Autre statistique qui a son importance : 64 % des prévenus ont déjà un
casier judiciaire. Une donnée primordiale pour leur orientation par le
parquet vers une procédure rapide. «
C’est là que tout se joue, alors que cette étape n’a pas d’appel, remarque
Sacha Raoult. Cela donne à cette justice un aspect exécutif très fort qui fait
réfléchir sur la séparation des pouvoirs. »
Depuis sa mise en place sous le Second Empire, la procédure
de flagrant délit, devenue en 1983 celle des comparutions immédiates, n’a cessé
de s’élargir pour concerner aujourd’hui quasiment tous les délits (ceux punis
de six mois de prison au minimum en cas de flagrant délit, deux ans sinon et
d’un maximum de dix ans d’emprisonnement). Aux audiences se mélangent donc
allègrement les délits graves et la petite délinquance sociale.

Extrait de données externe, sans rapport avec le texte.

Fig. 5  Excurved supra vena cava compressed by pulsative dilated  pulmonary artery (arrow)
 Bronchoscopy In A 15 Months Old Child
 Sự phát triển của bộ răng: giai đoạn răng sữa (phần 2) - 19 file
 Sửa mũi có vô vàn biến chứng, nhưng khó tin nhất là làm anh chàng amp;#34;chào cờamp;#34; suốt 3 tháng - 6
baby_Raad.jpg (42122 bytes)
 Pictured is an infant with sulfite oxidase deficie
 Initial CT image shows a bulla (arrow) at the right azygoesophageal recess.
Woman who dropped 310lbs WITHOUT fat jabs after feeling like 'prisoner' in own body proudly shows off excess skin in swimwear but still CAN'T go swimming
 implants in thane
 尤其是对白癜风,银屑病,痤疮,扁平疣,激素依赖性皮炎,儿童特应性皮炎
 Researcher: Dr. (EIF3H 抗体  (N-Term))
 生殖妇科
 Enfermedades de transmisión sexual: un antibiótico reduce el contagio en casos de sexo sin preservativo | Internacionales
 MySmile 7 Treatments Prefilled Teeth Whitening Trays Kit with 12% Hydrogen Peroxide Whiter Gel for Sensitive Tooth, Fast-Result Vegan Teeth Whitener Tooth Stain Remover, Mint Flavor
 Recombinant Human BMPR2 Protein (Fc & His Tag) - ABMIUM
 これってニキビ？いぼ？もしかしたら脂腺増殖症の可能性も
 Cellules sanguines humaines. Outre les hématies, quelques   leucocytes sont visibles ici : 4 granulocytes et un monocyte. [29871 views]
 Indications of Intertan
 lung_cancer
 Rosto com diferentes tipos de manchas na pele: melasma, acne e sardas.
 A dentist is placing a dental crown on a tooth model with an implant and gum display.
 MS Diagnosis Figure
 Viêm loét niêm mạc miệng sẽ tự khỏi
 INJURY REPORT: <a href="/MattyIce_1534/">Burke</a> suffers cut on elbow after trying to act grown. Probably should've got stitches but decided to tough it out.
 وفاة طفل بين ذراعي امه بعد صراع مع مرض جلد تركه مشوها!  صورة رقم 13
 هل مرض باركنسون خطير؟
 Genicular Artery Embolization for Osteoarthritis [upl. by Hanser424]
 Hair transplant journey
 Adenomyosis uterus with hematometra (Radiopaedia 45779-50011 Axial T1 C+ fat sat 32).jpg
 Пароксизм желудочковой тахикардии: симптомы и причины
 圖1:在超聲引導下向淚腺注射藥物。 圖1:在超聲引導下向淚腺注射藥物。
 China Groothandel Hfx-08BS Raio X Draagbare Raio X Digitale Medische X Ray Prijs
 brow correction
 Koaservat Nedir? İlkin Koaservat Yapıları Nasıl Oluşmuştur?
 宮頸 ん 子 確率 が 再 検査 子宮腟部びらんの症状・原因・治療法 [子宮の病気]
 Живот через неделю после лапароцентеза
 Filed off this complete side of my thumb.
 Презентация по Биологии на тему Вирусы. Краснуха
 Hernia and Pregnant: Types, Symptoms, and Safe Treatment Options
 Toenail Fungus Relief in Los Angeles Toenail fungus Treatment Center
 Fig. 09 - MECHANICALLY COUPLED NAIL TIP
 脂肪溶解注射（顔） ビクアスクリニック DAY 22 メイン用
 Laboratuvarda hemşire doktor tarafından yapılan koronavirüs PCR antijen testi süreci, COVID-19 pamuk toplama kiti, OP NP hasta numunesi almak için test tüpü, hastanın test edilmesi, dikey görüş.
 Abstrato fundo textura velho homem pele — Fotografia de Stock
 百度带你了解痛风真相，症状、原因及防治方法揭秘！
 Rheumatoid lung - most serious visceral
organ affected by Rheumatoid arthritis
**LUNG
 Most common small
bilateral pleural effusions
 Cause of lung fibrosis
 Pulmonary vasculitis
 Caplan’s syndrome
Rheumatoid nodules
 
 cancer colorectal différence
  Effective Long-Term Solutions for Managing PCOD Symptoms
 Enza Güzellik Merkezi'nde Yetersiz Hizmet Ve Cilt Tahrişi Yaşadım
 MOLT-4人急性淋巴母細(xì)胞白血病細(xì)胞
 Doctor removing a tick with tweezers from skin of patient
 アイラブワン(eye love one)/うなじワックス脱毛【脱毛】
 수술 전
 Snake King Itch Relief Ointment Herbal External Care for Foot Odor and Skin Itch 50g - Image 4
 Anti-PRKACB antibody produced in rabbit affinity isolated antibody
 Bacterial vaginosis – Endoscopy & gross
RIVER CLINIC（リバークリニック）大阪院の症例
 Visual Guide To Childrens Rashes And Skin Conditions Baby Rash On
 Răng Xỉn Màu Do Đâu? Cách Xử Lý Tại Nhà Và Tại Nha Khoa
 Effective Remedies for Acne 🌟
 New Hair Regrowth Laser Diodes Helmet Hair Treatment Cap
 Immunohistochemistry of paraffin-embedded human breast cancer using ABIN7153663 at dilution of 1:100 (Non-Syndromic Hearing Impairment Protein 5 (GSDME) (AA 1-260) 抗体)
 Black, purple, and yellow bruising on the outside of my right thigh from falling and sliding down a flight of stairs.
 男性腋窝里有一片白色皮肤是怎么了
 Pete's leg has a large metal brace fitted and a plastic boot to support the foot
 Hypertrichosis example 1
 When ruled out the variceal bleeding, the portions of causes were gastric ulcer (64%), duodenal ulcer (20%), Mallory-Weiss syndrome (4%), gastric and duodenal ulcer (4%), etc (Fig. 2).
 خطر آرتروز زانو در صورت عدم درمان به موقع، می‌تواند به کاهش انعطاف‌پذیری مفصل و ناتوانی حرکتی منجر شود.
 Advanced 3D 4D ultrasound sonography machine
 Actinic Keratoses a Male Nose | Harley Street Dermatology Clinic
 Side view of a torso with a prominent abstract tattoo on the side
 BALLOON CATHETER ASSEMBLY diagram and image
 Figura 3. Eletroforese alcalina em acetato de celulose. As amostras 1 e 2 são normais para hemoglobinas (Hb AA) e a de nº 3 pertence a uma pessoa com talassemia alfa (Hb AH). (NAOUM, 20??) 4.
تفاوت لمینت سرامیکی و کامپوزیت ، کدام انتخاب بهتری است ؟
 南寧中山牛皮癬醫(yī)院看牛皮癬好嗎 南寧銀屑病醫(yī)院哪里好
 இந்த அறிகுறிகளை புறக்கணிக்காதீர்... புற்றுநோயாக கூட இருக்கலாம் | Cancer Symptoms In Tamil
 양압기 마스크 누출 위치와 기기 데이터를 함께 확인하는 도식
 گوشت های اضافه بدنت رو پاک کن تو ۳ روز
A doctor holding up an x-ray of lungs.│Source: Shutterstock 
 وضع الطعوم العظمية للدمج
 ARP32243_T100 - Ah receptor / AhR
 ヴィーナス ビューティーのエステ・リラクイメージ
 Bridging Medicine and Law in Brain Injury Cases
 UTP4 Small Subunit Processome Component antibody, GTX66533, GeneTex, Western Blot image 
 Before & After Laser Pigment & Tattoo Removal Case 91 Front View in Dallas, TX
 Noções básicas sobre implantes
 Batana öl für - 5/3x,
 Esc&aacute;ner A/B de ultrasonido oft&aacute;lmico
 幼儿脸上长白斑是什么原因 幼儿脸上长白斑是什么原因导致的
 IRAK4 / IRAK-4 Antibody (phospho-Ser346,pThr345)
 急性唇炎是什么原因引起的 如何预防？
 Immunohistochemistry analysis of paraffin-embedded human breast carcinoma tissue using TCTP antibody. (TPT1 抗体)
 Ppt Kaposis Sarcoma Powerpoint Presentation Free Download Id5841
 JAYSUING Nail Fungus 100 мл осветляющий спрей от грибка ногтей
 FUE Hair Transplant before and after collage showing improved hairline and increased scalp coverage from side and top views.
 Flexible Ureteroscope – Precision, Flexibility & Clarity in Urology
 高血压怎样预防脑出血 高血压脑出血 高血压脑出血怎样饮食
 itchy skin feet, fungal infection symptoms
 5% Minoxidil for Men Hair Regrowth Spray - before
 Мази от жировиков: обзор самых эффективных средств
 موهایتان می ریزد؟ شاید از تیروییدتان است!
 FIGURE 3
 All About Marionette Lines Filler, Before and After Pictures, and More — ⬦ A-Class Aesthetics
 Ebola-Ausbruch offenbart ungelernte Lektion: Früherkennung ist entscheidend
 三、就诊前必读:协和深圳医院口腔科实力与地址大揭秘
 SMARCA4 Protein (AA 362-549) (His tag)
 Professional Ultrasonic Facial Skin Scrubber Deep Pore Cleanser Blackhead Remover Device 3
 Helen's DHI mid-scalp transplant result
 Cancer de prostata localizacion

Une
observatrice se dit ainsi surprise qu’«
une audience pour un vol de lunettes par un sans domicile fixe sans
casier judiciaire soit jugée selon la même procédure qu’une affaire d’atteinte
sexuelle sur enfant par son grand-père, déjà condamné à dix années de réclusion
criminelle par une cour d’assises pour des faits identiques ». Spécificité
marseillaise :
le fort contentieux (près de 20 %) lié aux stupéfiants.
Pendant le déroulement des audiences, les observateurs « relèvent des prévenus qui ont
l’air épuisés et stressés, des avocats qui ne semblent pas souvent avoir eu le
temps de travailler sur le fond de l’affaire ». Ils notent aussi une « sorte de formatage de la justice
pénale, avec des expressions légales et judiciaires qui reviennent de dossier
en dossier et de jour en jour ».
Toutes les trois ou quatre affaires, le tribunal se retire
pour délibérer durant une moyenne de vingt et une minutes. La peine de prison
est de loin la plus prononcée (77
%), et ce, malgré l’introduction récente de la contrainte pénale (les
observateurs n’en ont comptabilisé que huit durant les cinq mois d’étude…).
« Le large éventail des
peines alternatives (comme le travail d’intérêt général ou les jours-amende)
n’est quasiment jamais utilisé par les juridictions », précise le rapport. Dans
plus d’une affaire sur deux (53 %), le président prononce une peine de
prison ferme s’accompagnant d’un mandat de dépôt, c’est-à-dire par une
incarcération immédiate de la personne.
« Il y
a un effet générationnel, analyse Sacha Raoult. Les jeunes juges vont
s’approprier les nouvelles peines, mais il leur faut du temps. Il est
aussi beaucoup plus facile pour un juge de mettre en prison quelqu’un qui est
déjà détenu.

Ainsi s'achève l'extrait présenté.